Solver and Stepsize Coverage

Tested

• gradient_descent + ConstantLength on Euclidean
• gradient_descent + ArmijoLinesearch (default) on Euclidean

Patched but not tested

• NonmonotoneLinesearchStepsize — patched via same linesearch_backtrack! override
• conjugate_gradient_descent — uses same Armijo default, should work

Likely work (no workspace arrays), not tested

• DecreasingStepsize, PolyakStepsize, AdaptiveWNGradient, ConstantStepsize
• WolfePowellBinaryLinesearchStepsize — allocating retract_fused, benefits from allocate override
• Stateless direction rules: IdentityUpdateRule, ConjugateDescent, FletcherReeves
• Scalar stopping criteria: GradientNormLess, CostLess, CostChangeLess, StepsizeLess

Will break — requires base-package changes

These stepsizes pre-allocate candidate_point::P via allocate_result(M, rand) at construction time (before iterate type is known) and use it directly in retract_fused!, bypassing linesearch_backtrack!:

• WolfePowellLinesearchStepsize — affects quasi_Newton default
• CubicBracketingLinesearchStepsize — candidate_point + candidate_direction
• DomainBackTrackingStepsize — affects convex_bundle_method
• NullStepBackTrackingStepsize — candidate_point + X
• ProximalGradientMethodBacktrackingStepsize — affects proximal_gradient_method

Possible fix: lazy-init candidate_point on first solver step (when iterate type is known), or make the field non-parametric.

Will break — direction/stopping criterion issues

• MomentumGradientRule, AverageGradientRule, NesterovRule — stored state + vector transport type mismatch
• DirectionUpdateRuleStorage / StoreStateAction — stores CPU iterates
• StopWhenIterateNaN — any(isnan.(get_iterate(s))) triggers scalar indexing on CuArray

Manifolds.jl GPU Compatibility (tested locally)

The Manopt extension alone is sufficient for Euclidean and Sphere manifolds.
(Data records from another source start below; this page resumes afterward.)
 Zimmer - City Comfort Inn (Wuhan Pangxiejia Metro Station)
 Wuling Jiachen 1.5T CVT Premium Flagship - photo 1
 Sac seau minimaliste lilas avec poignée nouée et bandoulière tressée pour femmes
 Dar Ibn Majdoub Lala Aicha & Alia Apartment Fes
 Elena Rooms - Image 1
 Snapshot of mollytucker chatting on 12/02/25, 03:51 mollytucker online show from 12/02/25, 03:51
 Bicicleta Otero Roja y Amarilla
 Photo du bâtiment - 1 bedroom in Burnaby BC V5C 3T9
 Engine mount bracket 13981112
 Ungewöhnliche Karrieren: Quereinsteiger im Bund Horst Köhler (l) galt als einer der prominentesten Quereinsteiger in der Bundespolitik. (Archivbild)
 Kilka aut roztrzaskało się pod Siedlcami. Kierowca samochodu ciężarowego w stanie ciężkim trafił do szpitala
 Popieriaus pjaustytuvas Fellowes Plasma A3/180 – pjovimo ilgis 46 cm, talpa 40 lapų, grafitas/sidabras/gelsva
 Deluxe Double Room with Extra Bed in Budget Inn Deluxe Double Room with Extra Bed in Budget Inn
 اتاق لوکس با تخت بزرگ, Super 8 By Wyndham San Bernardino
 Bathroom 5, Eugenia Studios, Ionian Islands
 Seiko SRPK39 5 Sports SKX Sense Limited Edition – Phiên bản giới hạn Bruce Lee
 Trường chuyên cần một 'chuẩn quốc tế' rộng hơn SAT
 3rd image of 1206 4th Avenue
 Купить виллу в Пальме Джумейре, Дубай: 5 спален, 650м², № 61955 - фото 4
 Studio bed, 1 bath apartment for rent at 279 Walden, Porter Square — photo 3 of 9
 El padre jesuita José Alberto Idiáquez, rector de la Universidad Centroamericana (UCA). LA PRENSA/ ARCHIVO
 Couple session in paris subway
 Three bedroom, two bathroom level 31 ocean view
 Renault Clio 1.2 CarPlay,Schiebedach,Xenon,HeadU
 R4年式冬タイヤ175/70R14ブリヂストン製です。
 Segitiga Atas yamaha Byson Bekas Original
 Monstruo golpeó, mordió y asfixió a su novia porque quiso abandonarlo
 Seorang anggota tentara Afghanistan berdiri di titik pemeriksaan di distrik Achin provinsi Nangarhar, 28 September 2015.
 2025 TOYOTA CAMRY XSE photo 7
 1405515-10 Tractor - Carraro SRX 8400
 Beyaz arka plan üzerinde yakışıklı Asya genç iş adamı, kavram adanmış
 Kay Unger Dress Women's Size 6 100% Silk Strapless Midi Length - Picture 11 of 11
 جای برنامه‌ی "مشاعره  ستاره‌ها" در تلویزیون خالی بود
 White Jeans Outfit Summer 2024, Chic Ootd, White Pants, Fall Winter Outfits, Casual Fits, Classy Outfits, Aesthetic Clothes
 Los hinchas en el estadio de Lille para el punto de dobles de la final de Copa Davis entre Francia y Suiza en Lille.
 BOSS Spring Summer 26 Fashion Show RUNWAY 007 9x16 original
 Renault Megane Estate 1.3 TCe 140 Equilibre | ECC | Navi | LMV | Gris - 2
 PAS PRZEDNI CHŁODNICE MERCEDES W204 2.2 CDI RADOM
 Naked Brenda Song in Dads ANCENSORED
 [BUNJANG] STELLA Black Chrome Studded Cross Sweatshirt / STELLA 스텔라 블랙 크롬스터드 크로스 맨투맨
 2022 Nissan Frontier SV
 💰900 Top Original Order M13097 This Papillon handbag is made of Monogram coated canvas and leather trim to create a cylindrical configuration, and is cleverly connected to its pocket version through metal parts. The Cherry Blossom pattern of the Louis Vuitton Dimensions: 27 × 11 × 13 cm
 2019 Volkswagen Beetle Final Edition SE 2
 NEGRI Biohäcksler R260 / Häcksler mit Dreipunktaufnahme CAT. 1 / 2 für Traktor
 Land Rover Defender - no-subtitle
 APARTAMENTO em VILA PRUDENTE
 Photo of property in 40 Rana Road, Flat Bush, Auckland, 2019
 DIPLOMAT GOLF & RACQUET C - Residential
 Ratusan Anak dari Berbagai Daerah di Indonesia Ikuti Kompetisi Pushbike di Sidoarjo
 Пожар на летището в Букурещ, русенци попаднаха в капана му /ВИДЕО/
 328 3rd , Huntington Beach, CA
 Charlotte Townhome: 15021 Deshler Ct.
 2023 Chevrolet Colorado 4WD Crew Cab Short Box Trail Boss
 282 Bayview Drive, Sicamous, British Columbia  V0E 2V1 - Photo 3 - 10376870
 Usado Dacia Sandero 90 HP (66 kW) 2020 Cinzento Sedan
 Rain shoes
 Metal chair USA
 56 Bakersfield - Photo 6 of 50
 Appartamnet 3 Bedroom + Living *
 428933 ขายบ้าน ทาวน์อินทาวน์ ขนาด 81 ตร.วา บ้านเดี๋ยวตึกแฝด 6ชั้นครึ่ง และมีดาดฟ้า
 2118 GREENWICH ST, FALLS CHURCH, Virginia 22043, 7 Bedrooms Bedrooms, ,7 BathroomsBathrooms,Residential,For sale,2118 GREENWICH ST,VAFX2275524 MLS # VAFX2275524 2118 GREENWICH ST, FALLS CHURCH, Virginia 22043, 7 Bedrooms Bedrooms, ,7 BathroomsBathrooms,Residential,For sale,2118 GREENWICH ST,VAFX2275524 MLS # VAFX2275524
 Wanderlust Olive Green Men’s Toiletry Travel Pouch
Other manifolds need work in Manifolds.jl:

Manifold	retract_fused	inner/norm	vector_transport	distance
Euclidean	all OK	OK	OK	OK
Sphere	Exp OK, Proj OK	OK	Parallel OK	OK
Stiefel	Polar OK, Exp FAIL	OK	FAIL	FAIL
Rotations	Exp FAIL, Proj FAIL	OK	FAIL	FAIL
SPD	Exp OK, Proj FAIL	FAIL	FAIL	FAIL
Hyperbolic	FAIL	FAIL	FAIL	FAIL

Three failure modes in Manifolds.jl (not in scope for this PR):

1. Scalar indexing (Stiefel exp, Rotations, Hyperbolic) — implementations use element-wise p[i,j] access or CPU-only eigen/exp
2. copyto! ambiguity (SPD) — copyto!(CuArray, Symmetric{CuArray}) is ambiguous between LinearAlgebra and GPUArrays
3. Missing GPU dispatch — matrix exp/log/eigen don't dispatch to CUSOLVER for CuArray

A ManifoldsCUDAExt in Manifolds.jl would be needed to address these.

Test plan

• test/test_cuda_ext.jl — GPU allocate, GD + ConstantLength, GD + Armijo
• conjugate_gradient_descent with CuArray
• Matrix-valued iterates (Euclidean(n,n))
• Float32 iterates
• record=[:Cost] + return_state=true
• Sphere manifold end-to-end
• CI with CUDA runner (tested locally on RTX 3090)
• Verify no regressions on CPU-only paths

[zazabap]

Audit: Unresolved & Untested Items

What the extension currently covers

• ManifoldsBase.allocate overrides for CuArray (4 methods)
• linesearch_backtrack! patch for CPU workspace / GPU iterate mismatch

Solvers

• gradient_descent (ConstantLength + Armijo)
• conjugate_gradient_descent — claimed supported, not tested
• quasi_Newton — will break (default WolfePowellLinesearch uses candidate_point directly)
• stochastic_gradient_descent, subgradient_method, FrankWolfe — likely work (scalar stepsizes), not tested
• All other solvers (20+) — not tested

Stepsize Types

• ConstantStepsize — works (no workspace)
• ArmijoLinesearchStepsize — patched via linesearch_backtrack!
• NonmonotoneLinesearchStepsize — patched, not tested
• WolfePowellLinesearchStepsize — will break (uses retract_fused!(M, a.candidate_point, p, ...) directly, not via linesearch_backtrack!)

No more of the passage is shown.